• _What you will do_
Drop every picture, then transcribe the remaining data exactly.

• _Collected data_
----------

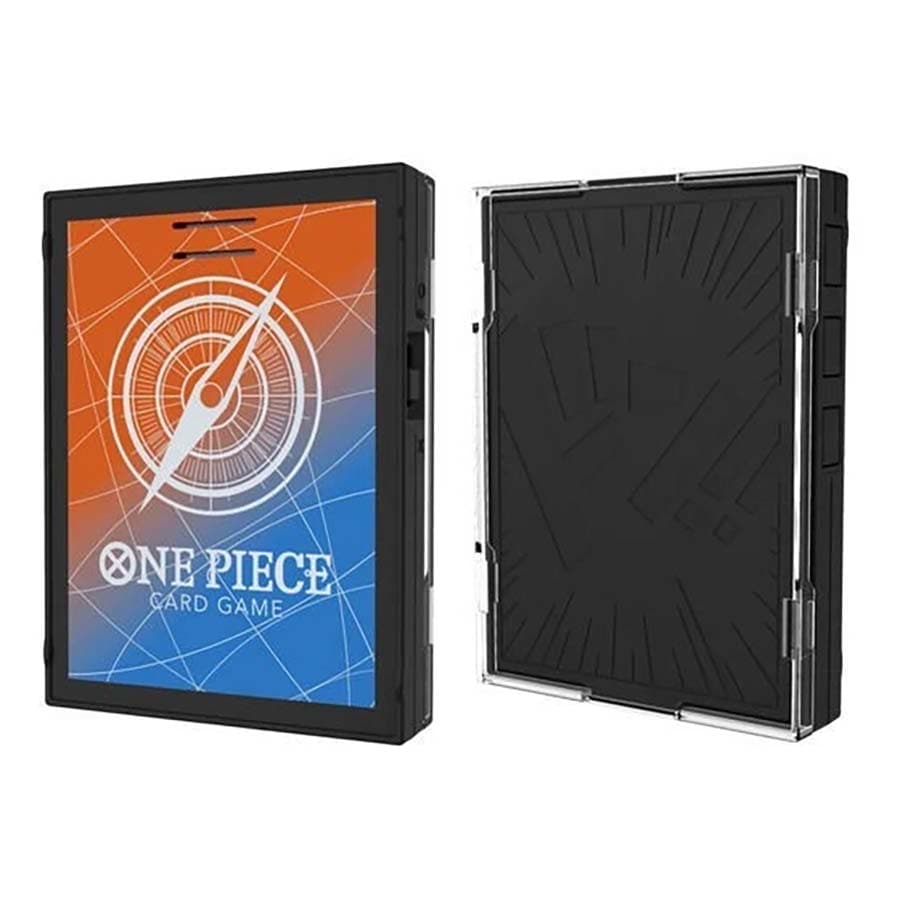 One Piece: Sound Loader - Ace & Sabo (SL04)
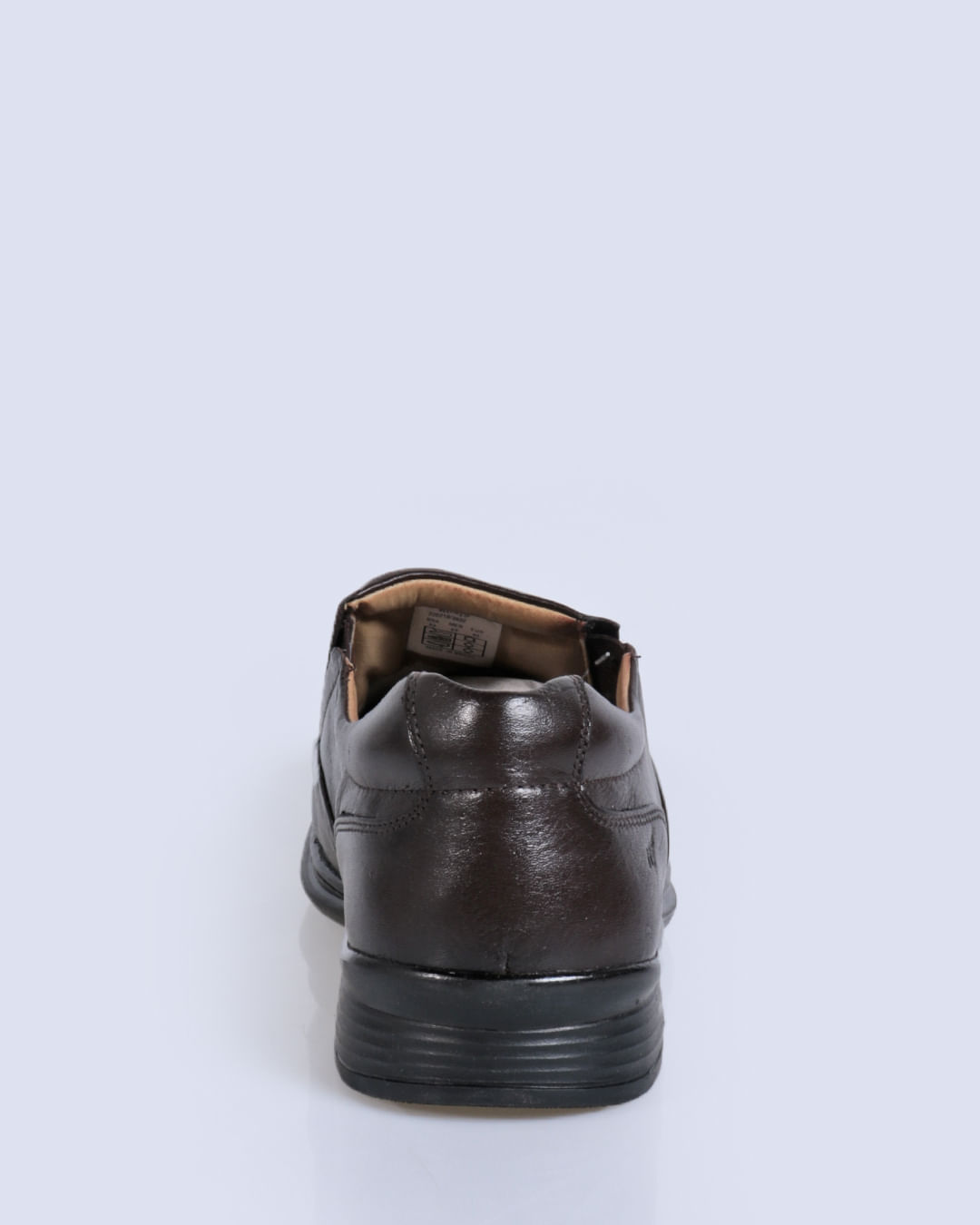 Sapato-Social-Masculino-Cadarco-Marrom-Medio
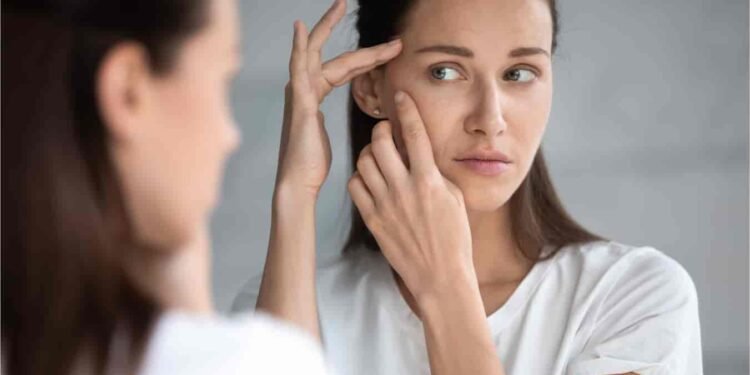 لا تتجاهل هذه الإشارات.. جسمك يصرخ طلبًا لـ الكولاجين!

----------

• _Exercise result_
 One Piece: Sound Loader - Ace & Sabo (SL04)
 Sapato-Social-Masculino-Cadarco-Marrom-Medio
 لا تتجاهل هذه الإشارات.. جسمك يصرخ طلبًا لـ الكولاجين!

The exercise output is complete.